(INFORMATION PROVIDED Opens)
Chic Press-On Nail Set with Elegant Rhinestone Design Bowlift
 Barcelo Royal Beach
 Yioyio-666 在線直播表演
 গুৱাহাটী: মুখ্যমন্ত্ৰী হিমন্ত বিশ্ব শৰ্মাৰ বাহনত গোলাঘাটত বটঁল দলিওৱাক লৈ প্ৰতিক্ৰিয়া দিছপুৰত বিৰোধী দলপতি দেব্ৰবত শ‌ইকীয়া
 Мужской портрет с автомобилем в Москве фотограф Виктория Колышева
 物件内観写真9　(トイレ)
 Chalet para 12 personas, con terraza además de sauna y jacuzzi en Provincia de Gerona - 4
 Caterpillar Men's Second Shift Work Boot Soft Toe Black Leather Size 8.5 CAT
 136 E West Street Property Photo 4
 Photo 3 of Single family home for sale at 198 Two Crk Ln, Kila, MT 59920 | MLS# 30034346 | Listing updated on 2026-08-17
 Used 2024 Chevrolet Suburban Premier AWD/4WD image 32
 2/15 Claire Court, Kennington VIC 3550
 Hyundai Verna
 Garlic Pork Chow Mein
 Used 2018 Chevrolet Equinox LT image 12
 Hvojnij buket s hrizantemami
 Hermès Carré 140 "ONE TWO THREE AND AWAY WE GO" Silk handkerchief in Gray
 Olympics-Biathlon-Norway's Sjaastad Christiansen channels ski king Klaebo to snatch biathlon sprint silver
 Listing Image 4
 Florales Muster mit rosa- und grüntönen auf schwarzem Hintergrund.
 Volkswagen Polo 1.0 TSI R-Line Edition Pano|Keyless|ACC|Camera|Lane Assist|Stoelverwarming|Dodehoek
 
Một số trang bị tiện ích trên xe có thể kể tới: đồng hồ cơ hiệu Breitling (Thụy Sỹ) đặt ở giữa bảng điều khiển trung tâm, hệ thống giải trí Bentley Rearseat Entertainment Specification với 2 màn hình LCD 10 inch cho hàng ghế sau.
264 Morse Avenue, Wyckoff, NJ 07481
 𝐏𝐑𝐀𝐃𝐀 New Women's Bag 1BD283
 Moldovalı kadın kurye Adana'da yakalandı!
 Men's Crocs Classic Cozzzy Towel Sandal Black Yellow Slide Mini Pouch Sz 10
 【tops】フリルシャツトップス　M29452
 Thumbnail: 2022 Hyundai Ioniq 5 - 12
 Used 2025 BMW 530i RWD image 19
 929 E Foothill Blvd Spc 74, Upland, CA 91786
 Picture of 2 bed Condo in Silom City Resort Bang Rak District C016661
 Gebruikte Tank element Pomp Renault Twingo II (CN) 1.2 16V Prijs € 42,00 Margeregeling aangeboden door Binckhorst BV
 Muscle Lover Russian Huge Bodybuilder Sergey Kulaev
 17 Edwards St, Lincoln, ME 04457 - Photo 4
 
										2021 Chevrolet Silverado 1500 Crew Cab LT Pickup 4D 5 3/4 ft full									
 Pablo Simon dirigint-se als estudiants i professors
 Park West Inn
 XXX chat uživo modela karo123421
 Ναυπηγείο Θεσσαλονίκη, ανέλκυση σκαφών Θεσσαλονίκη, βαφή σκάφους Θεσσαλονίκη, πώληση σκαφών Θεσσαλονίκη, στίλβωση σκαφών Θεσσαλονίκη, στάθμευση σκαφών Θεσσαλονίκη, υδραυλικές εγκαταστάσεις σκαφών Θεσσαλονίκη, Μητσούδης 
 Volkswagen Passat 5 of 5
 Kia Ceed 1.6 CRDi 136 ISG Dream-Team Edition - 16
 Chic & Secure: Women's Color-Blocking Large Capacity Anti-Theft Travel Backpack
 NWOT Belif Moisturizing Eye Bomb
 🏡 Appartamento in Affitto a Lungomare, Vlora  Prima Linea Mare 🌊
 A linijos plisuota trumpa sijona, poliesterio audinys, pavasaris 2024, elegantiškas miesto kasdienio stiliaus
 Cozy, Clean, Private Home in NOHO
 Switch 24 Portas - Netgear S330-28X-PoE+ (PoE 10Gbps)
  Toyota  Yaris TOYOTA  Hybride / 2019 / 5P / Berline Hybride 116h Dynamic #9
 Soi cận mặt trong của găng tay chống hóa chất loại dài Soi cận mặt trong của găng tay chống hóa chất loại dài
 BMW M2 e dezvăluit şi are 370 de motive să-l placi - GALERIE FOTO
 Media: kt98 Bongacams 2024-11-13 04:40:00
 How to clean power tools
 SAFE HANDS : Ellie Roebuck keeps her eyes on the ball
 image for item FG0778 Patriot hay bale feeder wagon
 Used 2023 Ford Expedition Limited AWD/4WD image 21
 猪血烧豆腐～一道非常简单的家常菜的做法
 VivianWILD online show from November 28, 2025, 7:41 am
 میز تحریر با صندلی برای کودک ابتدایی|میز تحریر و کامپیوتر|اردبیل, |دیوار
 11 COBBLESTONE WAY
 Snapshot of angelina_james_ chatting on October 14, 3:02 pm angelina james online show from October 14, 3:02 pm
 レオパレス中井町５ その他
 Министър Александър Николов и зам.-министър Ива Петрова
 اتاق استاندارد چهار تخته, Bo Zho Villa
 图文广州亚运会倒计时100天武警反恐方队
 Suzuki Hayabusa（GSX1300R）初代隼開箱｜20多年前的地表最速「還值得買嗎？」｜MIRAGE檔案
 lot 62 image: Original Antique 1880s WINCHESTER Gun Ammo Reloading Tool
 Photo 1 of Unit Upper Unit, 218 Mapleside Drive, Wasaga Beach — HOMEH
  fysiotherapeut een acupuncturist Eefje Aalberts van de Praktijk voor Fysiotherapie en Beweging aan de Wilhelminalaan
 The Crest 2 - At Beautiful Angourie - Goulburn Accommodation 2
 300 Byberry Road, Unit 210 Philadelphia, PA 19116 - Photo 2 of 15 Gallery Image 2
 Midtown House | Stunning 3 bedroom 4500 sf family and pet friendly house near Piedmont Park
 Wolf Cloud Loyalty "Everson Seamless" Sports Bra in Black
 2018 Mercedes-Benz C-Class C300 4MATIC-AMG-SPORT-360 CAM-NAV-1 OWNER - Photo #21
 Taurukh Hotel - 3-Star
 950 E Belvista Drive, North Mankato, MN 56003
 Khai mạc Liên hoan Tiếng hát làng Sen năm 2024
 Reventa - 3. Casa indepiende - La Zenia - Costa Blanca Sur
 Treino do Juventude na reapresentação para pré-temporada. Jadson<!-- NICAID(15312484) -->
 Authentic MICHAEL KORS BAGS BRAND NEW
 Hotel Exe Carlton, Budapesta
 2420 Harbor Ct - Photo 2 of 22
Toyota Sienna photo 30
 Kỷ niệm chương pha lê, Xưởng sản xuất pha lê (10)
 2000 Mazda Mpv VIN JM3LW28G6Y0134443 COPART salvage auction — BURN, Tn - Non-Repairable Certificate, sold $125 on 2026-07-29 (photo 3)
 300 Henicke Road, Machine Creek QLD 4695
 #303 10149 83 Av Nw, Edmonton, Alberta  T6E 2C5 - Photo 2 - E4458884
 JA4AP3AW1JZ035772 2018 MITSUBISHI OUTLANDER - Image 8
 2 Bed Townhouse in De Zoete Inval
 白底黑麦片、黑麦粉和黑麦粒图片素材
(INFORMATION PROVIDED Closes)
WORK REQUEST → Check each line above for the string "Listing" and copy those that have it.

RESULT →
 Photo 3 of Single family home for sale at 198 Two Crk Ln, Kila, MT 59920 | MLS# 30034346 | Listing updated on 2026-08-17
 Listing Image 4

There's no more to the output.